Tricholoma yatesii is a species of gilled mushroom. Index Fungorum and Mycobank state that the current official name of this species is Melanoleuca yatesii. It is extremely similar to Tricholoma equestre but it grows in mycorrhizal association with Quercus (oak trees and shrubs) rather than with Pinus. T. yatesii is a California mushroom, with a handful of observations from Oregon and Washington. In general it is currently "not possible to provide complete or definitive coverage of Tricholoma" in North America, so T. yatesii (and cousins) remain comparatively poorly known to both science and the general public.
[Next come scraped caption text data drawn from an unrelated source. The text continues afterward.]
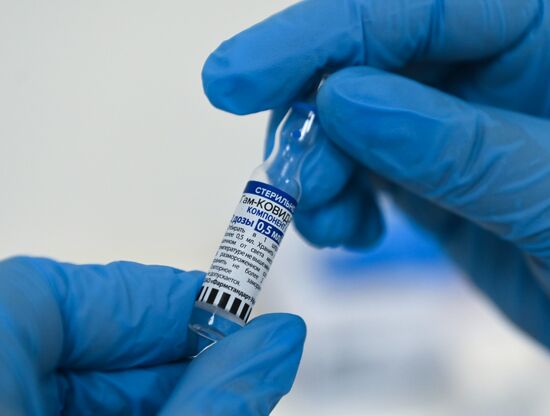 Russia Coronavirus Vaccination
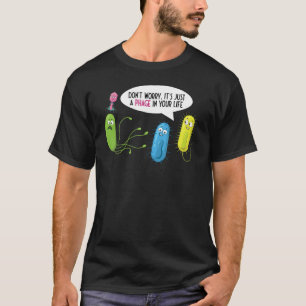 Camiseta Apenas um Fago em Sua Vida Bacteriófago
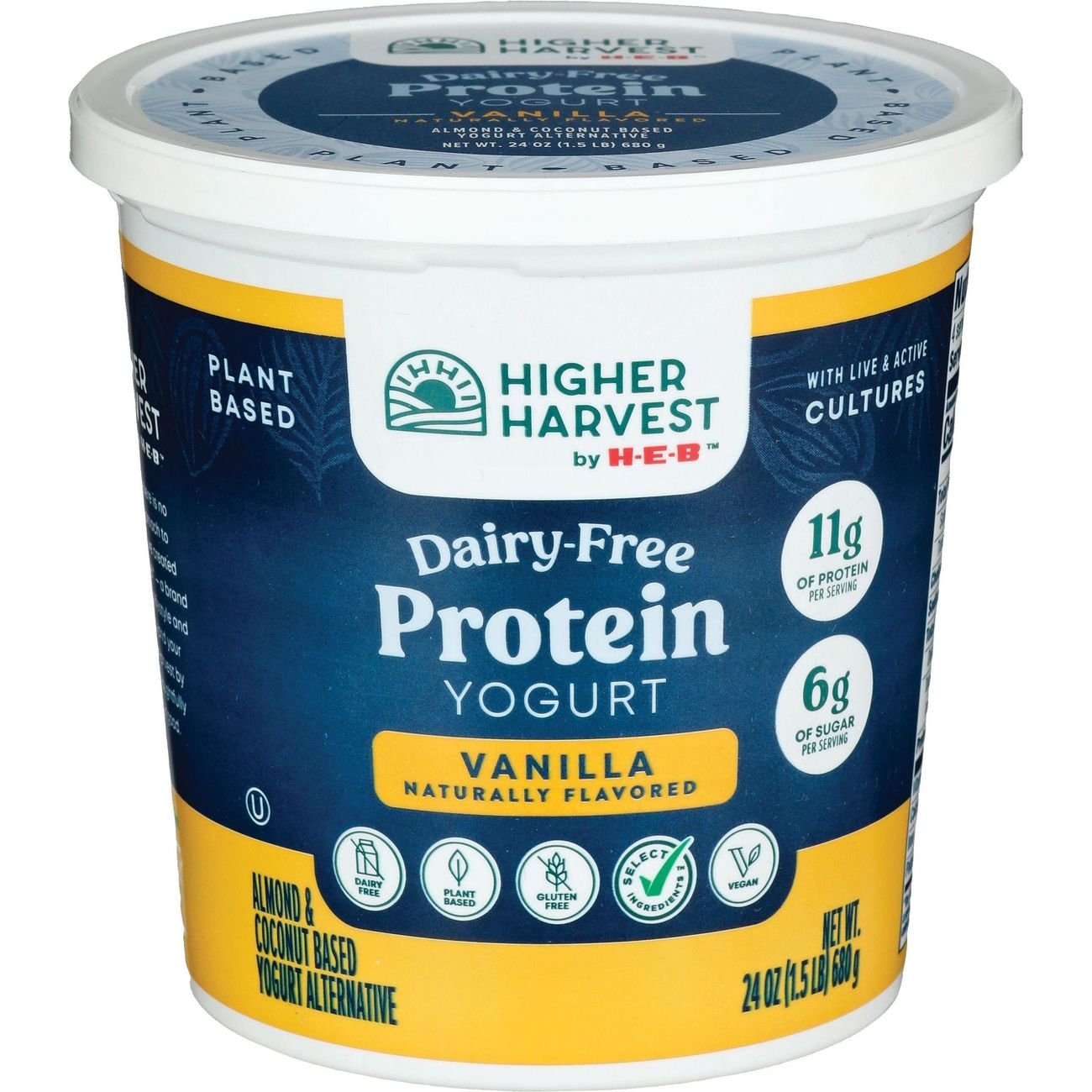 Higher Harvest by H-E-B Dairy Free 11g Protein Yogurt – Vanilla, 24 oz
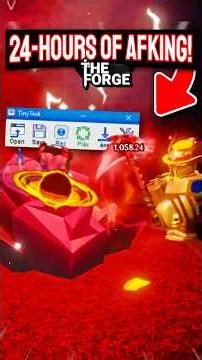 I Spent 24 HOURS AFK MACROING The Crimson Depths! #theforge #roblox #tako #foryou #viral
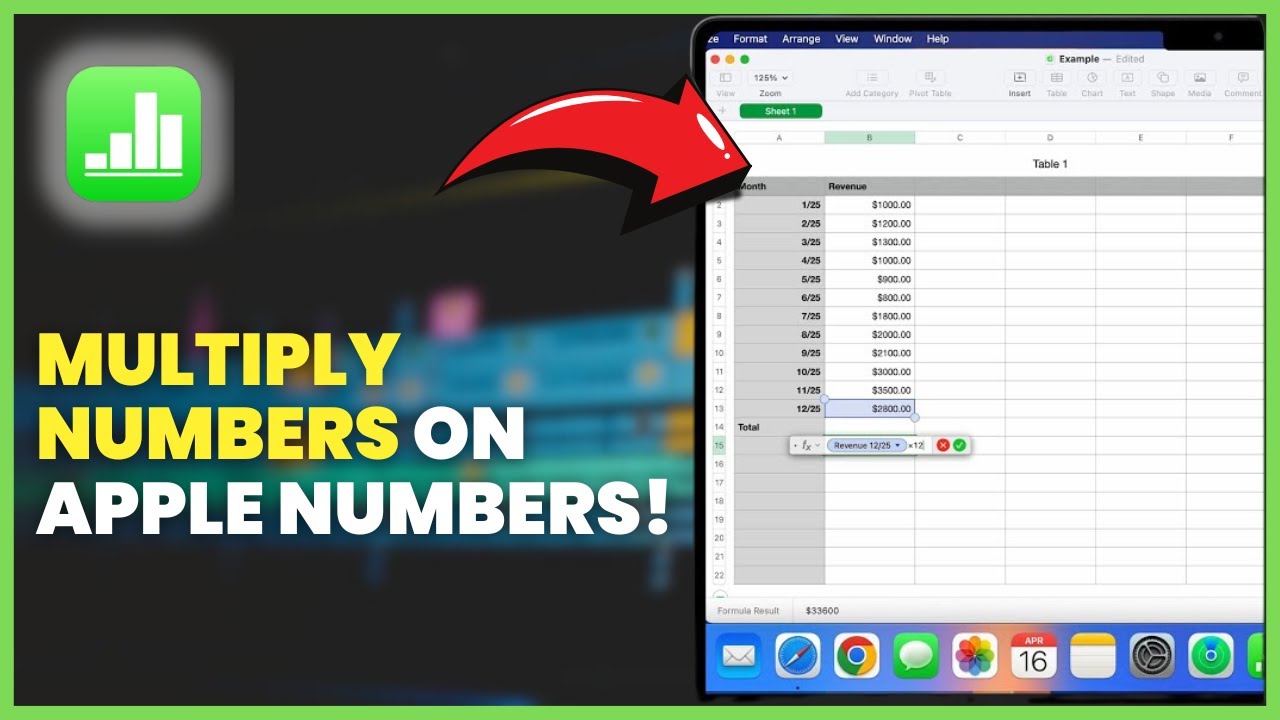 How to Multiply Cells in Apple Numbers (Easy Formula Tutorial) - YouTube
William A. Murrill's original description (of what was then called Melanoleuca yatesii) was "Pileus regular, convex, solitary, 5-8 cm. broad; surface smooth, glabrous, viscid, sulfur-yellow, becoming brownish at the center on drying, margin concolorous, entire, incurved on drying; context rather thin, white to pale-yellow; lamellae sinuate-adnexed, rather broad, ventricose, not crowded, apparently pale-yellow when fresh, somewhat discolored on drying; spores ellipsoid, smooth, hyaline, 5X3 μ; stipe equal, shining, subglabrous, sulfur-yellow, becoming nearly white when dry, 6-10 cm long, 8-12 mm thick." Tricholoma yatesii is named after H. S. Yates, who collected the type species under introduced eucalyptus and endemic Monterey cypress in Berkeley, California.